Nooruddin Turabi, a former Taliban justice minister and co-founder of the Taliban, says executions and amputations will be resumed. According to him, such punishment may not be carried out in public.

Mullah Nooruddin Turabi made the remarks in an interview with the Associated Press on Thursday, September 23, adding that he doesn’t accept public criticism of the Taliban’s public executions in the past, which frequently took place at Kabul Stadium. He also warned the international community against interfering in the affairs of Afghanistan’s new rulers.

“Everyone criticized us for executing people in the stadium, but we never said anything about their own penal codes,” Turabi told the Associated Press. “No one will tell us what our laws should be like. We follow Islam and make our laws based on the Qur’an.”

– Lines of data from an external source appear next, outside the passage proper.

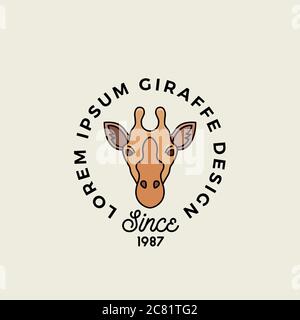 Linea stile Giraffe faccia con retro tipografia. Segno vettoriale astratto, simbolo o modello di logo. Silhouette cartoon. Illustrazione Vettoriale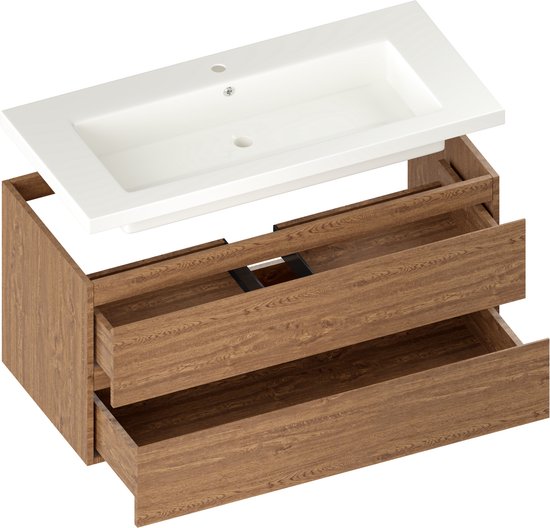 Mirlux Meuble de salle de bains Chêne chaud 100 cm - Lavabo Blanc - Ensemble de meubles de salle de bains - Meuble lavabo Chêne chaud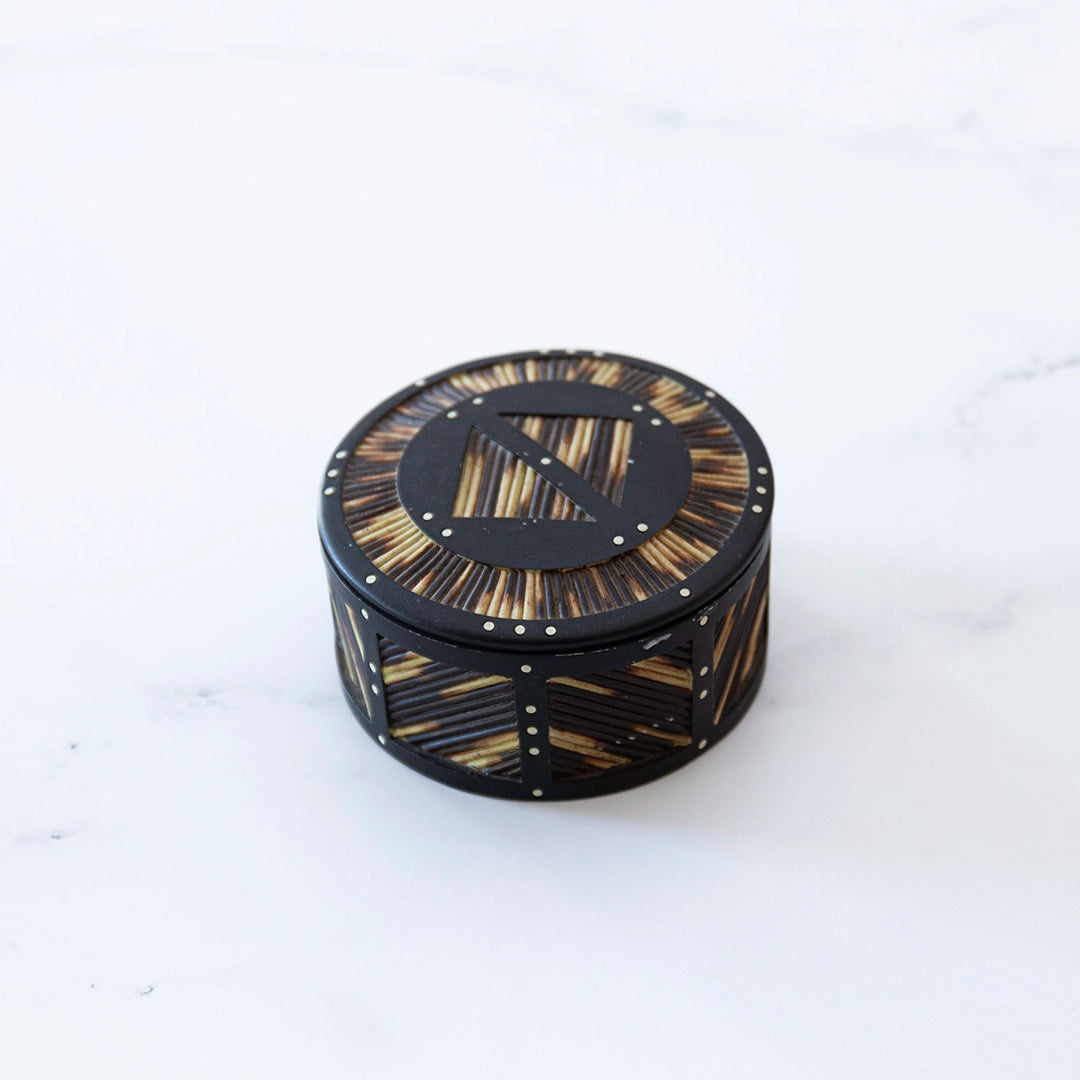 Antique Round Quill Box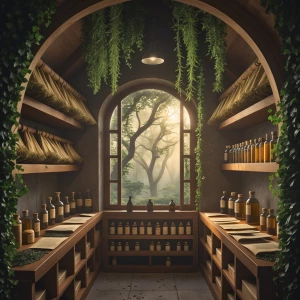 In a hidden herb apothecary, concealed behind a curtain of ivy a...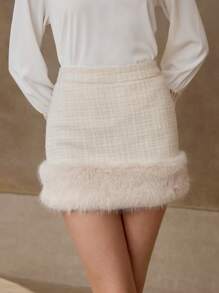 MOTF Soiréza WOOL TWEED CONTRAST FUZZY HEM SKIRT - Beige - View 6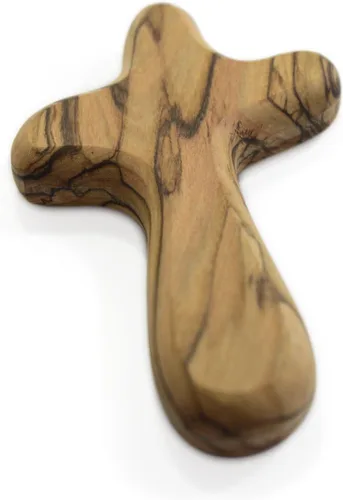 Miniatura 6 de Cruz de 10.16 cm de madera de olivo para sujetar en la mano de Belén en bolsa (certificada) - Fina cruz de madera para orar y confort, cruz de palma
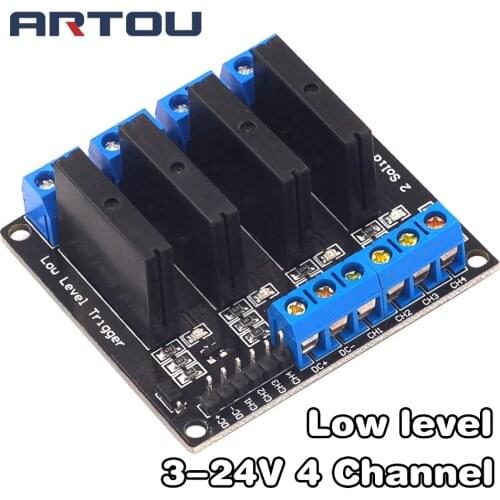 3-24V 4 Channel Solid State Relay Module Low Level Relay DC-DC PCB SSR AVR DSP for arduino Diy Kit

The international community has not yet recognized the Taliban as the legitimate rulers of Afghanistan. The British Foreign Secretary Dominic Raab had said that his government doesn’t recognize the Taliban government in the near future, adding that dialogues should continue with the Taliban to examine their intentions. Mr. Raab also expressed that in dealing with the Taliban, recognition of their rule was not involved. According to him, the Taliban will be judged on their words and deeds. In the meantime, the US State Department has also said that it is not yet the time for the Taliban government to be recognized.

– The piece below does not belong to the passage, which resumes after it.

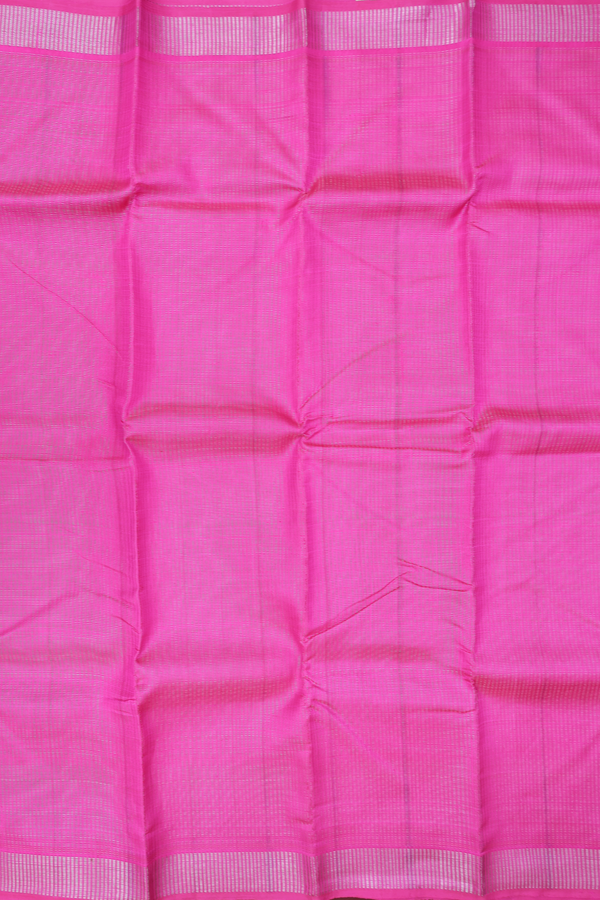 Kanchipuram Silk Saree In Rani Pink With Stripes Design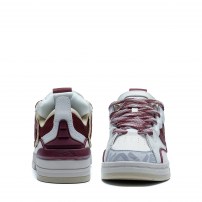 Кеды Li-Ning Golden Burgundy белые с бордовыми вставками и текстурой под змею фото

Meanwhile, Zabihullah Mujahid, spokesman for the Taliban and Deputy Minister of Information and Culture, has called on the world to recognize the Taliban government. Mr. Mujahid has recently said that the new cabinet, once recognized by the international community, will pave the way for an investigation into allegations of human rights abuses. “If we are not recognized and they continue to criticize us, it is zero-sum approach,” Mujahid said. “It would be better if the international community treats us properly and recognizes our current government. Then they can legally share any concerns they have, and we will address their concerns.”

In recent days, however, in Kabul and some provinces, Taliban fighters have resumed the punishments commonly used by them in the past. The punishment includes publicly blackening the faces of the defendants without a court order. Last week, images were posted on social media showing a person accused of robbery with a blackened face exposed to the public.

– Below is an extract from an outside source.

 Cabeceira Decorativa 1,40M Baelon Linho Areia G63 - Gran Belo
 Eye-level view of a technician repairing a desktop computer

Nooruddin Turabi has said that this time judges, including women, will hear cases, but that the fundamentals of the Afghan laws will be the Qur’an. He added that previous Taliban punishments would be revived. “Amputation of arms and/or legs is essential for security,” the Taliban official stressed. According to Turabi, the cabinet is considering whether the punishments should be carried out publicly or not. “We are looking for a solution.”

Turabi lost a leg and an eye in a battle against former Soviet forces in the 1980s. He is now in charge of the prisoners in the new Taliban government. According to him, the Taliban are now allowing people to use television, mobile phones, pictures, and videos because people need to use these things. He stressed that the Taliban see the media as a way to spread their message. “We now understand that instead of hundreds, we can reach millions of people,” he added.

He said that if the punishments are made public, people might be allowed to film and photograph the scenes to increase the deterrent effects.

Human rights defenders have not yet responded to Nooruddin Turabi’s remarks. In the late 1990s, however, the international community had condemned the Taliban’s brutal executions, which were often took place publicly at Kabul’s sports stadium or at the Eidgah Mosque.